Check each line of the records below and collect those that include the word "wood".
Content starts
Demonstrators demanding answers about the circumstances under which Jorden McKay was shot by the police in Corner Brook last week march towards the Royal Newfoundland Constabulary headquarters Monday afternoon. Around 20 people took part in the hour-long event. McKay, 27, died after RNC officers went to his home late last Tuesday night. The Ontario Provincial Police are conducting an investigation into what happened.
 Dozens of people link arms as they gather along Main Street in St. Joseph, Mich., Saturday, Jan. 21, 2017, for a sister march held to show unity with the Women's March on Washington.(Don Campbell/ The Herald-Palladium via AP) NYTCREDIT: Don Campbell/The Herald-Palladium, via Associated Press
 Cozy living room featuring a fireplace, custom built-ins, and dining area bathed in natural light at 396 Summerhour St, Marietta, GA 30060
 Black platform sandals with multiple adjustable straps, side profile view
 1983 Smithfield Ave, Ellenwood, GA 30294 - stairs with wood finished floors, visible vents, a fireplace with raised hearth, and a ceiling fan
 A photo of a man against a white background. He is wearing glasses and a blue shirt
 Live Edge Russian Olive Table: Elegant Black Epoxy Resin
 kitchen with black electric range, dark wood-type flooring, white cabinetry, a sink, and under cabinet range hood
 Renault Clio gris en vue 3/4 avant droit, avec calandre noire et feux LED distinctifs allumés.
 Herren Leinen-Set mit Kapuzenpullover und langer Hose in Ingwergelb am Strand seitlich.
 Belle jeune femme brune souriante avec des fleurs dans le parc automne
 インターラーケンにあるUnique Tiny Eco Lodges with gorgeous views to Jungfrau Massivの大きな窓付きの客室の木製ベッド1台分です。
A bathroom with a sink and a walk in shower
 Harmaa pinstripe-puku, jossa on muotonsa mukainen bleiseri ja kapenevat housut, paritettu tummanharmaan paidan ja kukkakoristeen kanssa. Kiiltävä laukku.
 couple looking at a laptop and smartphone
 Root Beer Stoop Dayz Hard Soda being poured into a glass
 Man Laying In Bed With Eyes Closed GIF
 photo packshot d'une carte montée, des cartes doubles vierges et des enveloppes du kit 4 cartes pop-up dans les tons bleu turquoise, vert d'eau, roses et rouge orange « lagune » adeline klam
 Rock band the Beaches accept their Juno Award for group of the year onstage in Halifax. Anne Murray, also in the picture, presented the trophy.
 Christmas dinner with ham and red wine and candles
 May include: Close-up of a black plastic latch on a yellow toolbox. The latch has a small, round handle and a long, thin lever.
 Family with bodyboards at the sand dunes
Content ends
EXERCISE RESULT:
 1983 Smithfield Ave, Ellenwood, GA 30294 - stairs with wood finished floors, visible vents, a fireplace with raised hearth, and a ceiling fan
 kitchen with black electric range, dark wood-type flooring, white cabinetry, a sink, and under cabinet range hood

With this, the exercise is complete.